En 2014, dans un article intitulé Putin’s Brittle Iron Curtain – rappelant ainsi la guerre froide – elle compare Poutine à Pinochet tout en le rapprochant aussi de l’État islamique.

Elle se décrit aussi comme une « démocrate ukrainienne », comme les « démocrates » qui ont pris le pouvoir à Kiev au moyen de ce qui ne peut être décrit autrement que comme un coup d’État au cours duquel l’extrême droite de l’ouest de l’Ukraine (région d’origine du grand-père de Mme Freeland), avec le soutien des États-Unis et de l’Union Européenne, a pris le pouvoir après les manifestations de la place Maïdan.

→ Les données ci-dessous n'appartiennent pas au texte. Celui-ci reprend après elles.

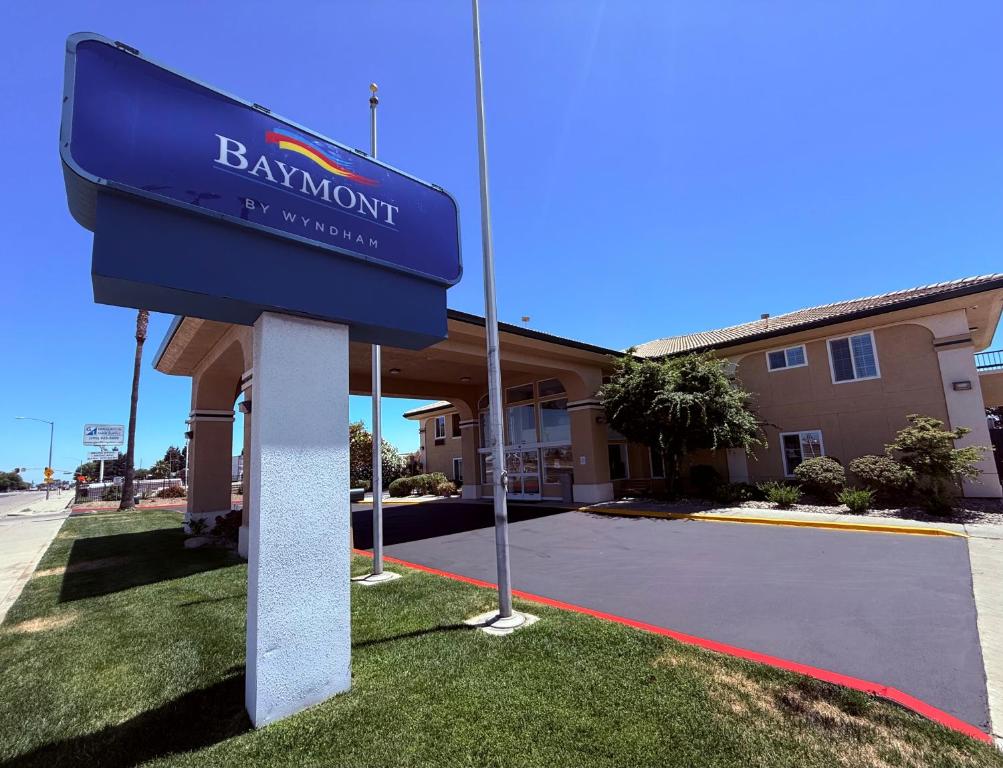 a sign for a hotel in front of a building at Baymont by Wyndham Manteca in Manteca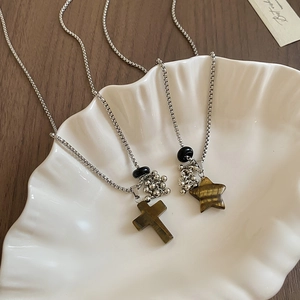 Close-up of tiger eye stone cross and star pendants on silver box chain necklaces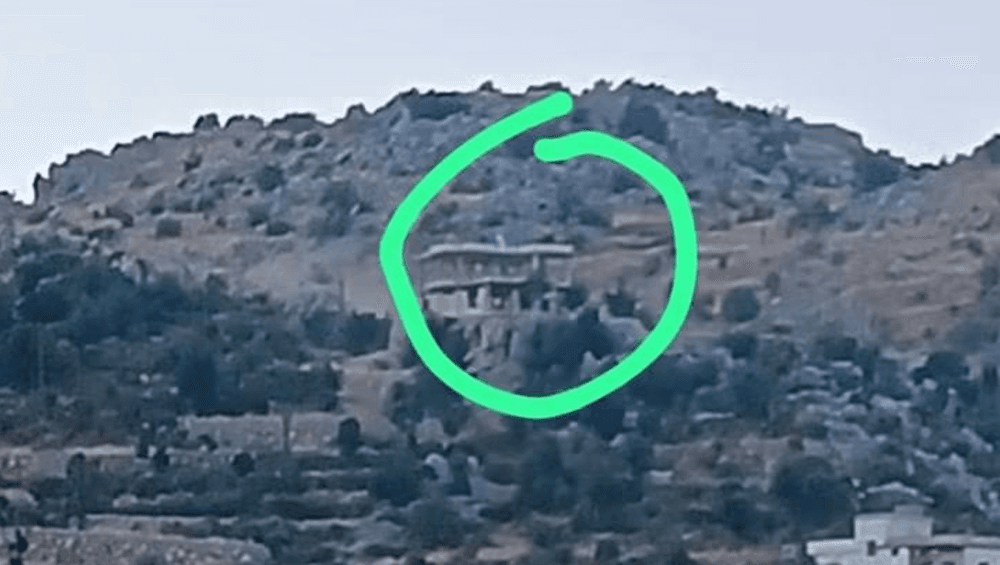 Israeli forces wave flag east of Kfar Shuba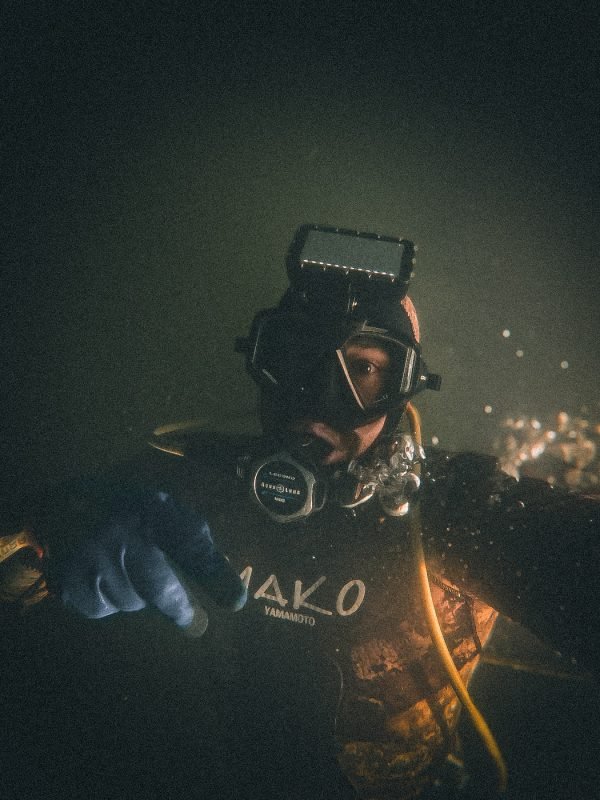 Professional diver performing underwater boat maintenance with commercial diving equipment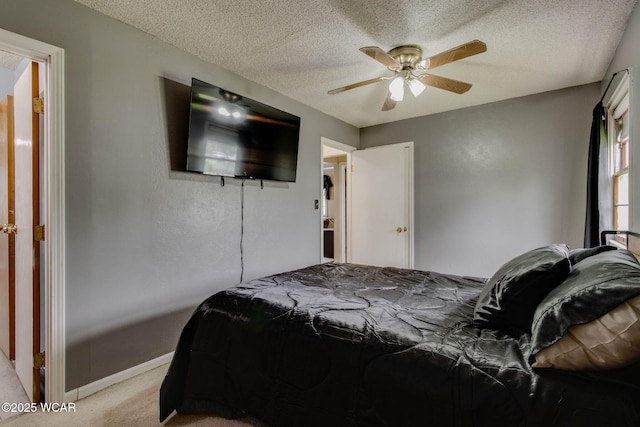 801 S Glenwood Ave, Lima, OH 45805 - bedroom featuring light colored carpet, baseboards, a textured ceiling, and a ceiling fan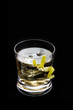 Rusty nail cocktail with lemon peel on a black background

Des doutes sur la nature de ce régime? Ce sont eux qui transforment en héros nationaux des collaborateurs nazis de la Seconde guerre mondiale, dont Stepan Bandera, qui a dirigé des paramilitaires lors de rafles, de tueries et de torture de milliers de Juifs à Lviv dans l’Ouest de l’Ukraine. Aussi, les symboles du SS et des Nazis sont maintenant partout à Kiev.

Par ailleurs, c’est pour soutenir ce gouvernement de l’Ukraine que le Canada a déployé des troupes en Ukraine, mission qui a été reconduite le 7 mars dernier, et qu’il déploie un autre 450 soldats en Lettonie.

 

Victimes de l’holocauste oubliées par le gouvernement Trudeau

Revenons à Michael Chomiak, ce grand-père de Chrystia Freeland dont ni elle ni Justin Trudeau ne veulent parler. John Helmer, qui le premier a révélé son passé de collaborateur nazi, s’est fait traiter de propagandiste pro-russe ou pro-Poutine d’abord par le bureau de Mme Freeland, mais aussi par le Globe & Mail et Maclean's.

Lorsque Helmer a demandé un droit de réplique à ces médias, on lui a adressé un refus catégorique. Helmer démontre ainsi à quel point l’establishment politique et médiatique canadien se rallie autour de Freeland.

Fait assez cocasse, il note aussi que l’auteur de la pièce d’anthologie de Maclean’s (Russia’s Coming Attack on Canada) est aussi le mari d'une autre ministre influente du gouvernement Trudeau, Catherine McKenna. Pour être « tricoté serré », c’est dur à battre.

Sur son blogue, John Helmer note en revanche les cas de Juifs canadiens qui s’élèvent contre ce silence sur les pires cas d’antisémitisme du 20e siècle. Par ce même silence, on banalise ces crimes. Ce sont des gens qui ont perdu des membres de leur famille, sinon toute leur famille, aux mains de ceux que le grand-père de Mme Freeland encensait et encourageait.

Sheldon Kirshner de Toronto, par exemple, demande simplement pourquoi Mme Freeland ne dit pas la vérité sur son grand-père. « Il ne s’agit pas ici d’une question russe, mais d’un homme qui a été un acteur de premier plan dans la machine de la mort nazie pendant l’Holocauste. » Il aurait pu ajouter, comme l’a fait un autre journaliste, si Marine Le Pen pouvait éloigner son père antisémite encore vivant, Mme Freeland pourrait dénoncer les actions de son grand-père, mort depuis 32 ans.

Soulignons aussi l’article de Henry Srebnik, un homme né en Pologne qui a grandi à Montréal. Il écrit: « Toute ma famille en Europe a été tuée par les Nazis et leurs collaborateurs; aussi, je n’apprécie pas qu’on me dise que cette histoire ne concerne que ‘Vladimir Poutine qui essaie de faire mal paraître Chrystia Freeland’ » (All of my family in Europe was killed by the Nazis and their collaborators, and I don’t appreciate being told that this story is simply about “Vladimir Putin trying to make Chrystia Freeland look bad).

Ces textes paraissent dans des médias relativement marginaux. Les grands médias juifs ou israéliens, souvent les premiers à invoquer l’antisémitisme, restent silencieux s’ils ne viennent pas carrément à la rescousse de Freeland comme dans le Jerusalem Post en se joignant à la campagne antirusse.

 

Les tweets de Justin Trudeau.

Au lendemain du point de presse de la ministre des Affaires étrangères au cours duquel elle accusait la Russie de vouloir déstabiliser le Canada par une campagne de déstabilisation, Justin Trudeau a émis un Tweet dans lequel il a déclaré sa solidarité avec des victimes d’actes d’antisémitisme. Cela sonne faux. S’il est sérieux sur l’antisémitisme, la première chose serait d’exiger que sa ministre Chrystia Freeland désavoue clairement les actions de son grand-père. Sinon, qu’elle démissionne!